Okay, I have made the following change in dom0:
To disable the transmit path for guest OSes:
Edit net_tx_action in arch/xen/drivers/netif/backend/main.c. After the
call to netif_schedule_work(), add:
make_tx_response(netif, txreq.id, NETIF_RSP_OKAY);
compiled and rebooted with the new kernel. booted dom1, removed vif1.0 from the bridge, gave it it's own ip address, added a static arp entry and pinged away. I could see the packet counters for dom0 and dom1 climbing rapiding indicating that dom0 was sending packets, dom1 was receiving packets, but that a packet sent by dom1 was unable to reach dom0 again. I got the same sort of crashes after about 10 minutes.
I'm now testing the other half.
> As a first test I have just disabled networking via nics=0 in the config, and running this script in dom1:
> while [ 1 = 1 ]
> dd if=/dev/sda1 of=/dev/null bs=1024 count=128K &
> dd if=/dev/sda1 of=/dev/null bs=1024 skip=256K count=256K
> it tells me 'ioctl 801c6d02 not supported by XL blkif' but that doesn't seem to matter.

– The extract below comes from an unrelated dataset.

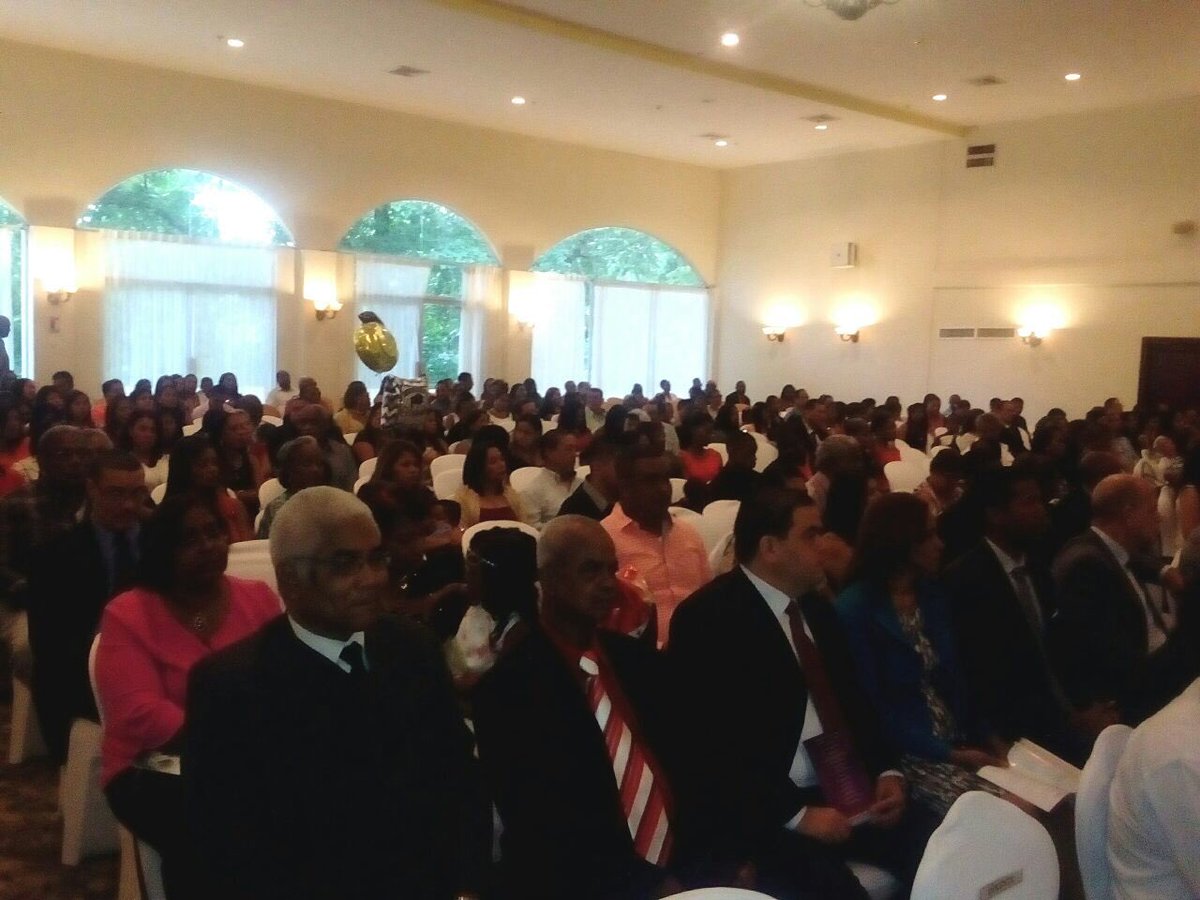 utppanama's tweet photo. Ceremonia de Graduación del Centro Regional de Colón #EventosUTP #Colón https://t.co/7eAraBmsd8
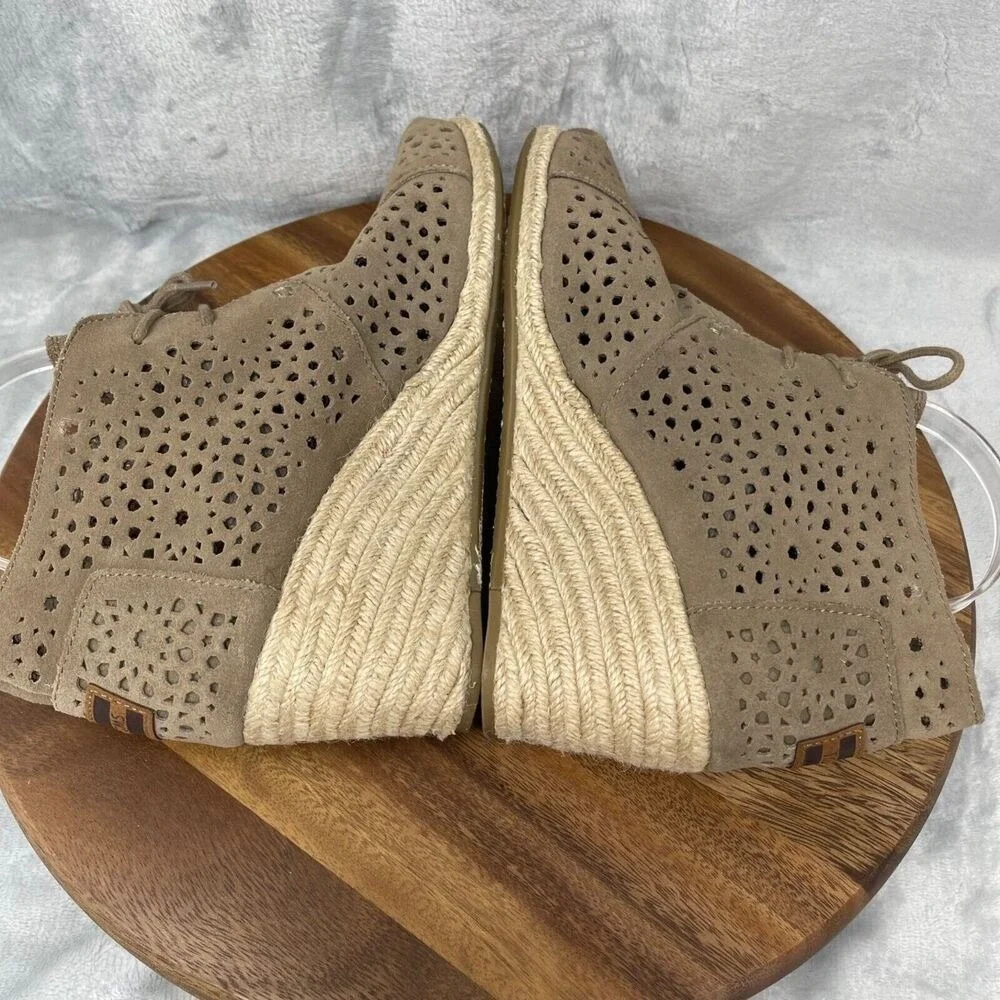 Toms Shoes Womens 9.5 Desert Taupe Laser Cut Suede Espadrille‎ Ankle Booties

Anyway, there are no crashes so far so i'm thinking at this stage that the block interface stuff is probably fine and I should now concentrate on the network. Disabling the block stuff will be a huge hassle at this stage so i'll have to let it go for the moment.
It does seem more likely that the network backend driver is to blame
-- it's considerably more complicated than the blkdev driver.
> I think i need a crash course in how all this hangs together before I can understand what i'm testing... My understanding is as follows:
> packets sent to dom0.vif1.0 appear at dom1.eth0.
> packets sent to dom1.eth0 appear at dom0.vif1.0.
Yes, it's basically a point-to-point link. The transmit side on each
interface is directly linked to the receive side on the other.
> and that's about it. Are they symmetrical? Is the transmit code for dom0.vif1.0 the same as the transmit code for dom1.eth0? Ditto for receive?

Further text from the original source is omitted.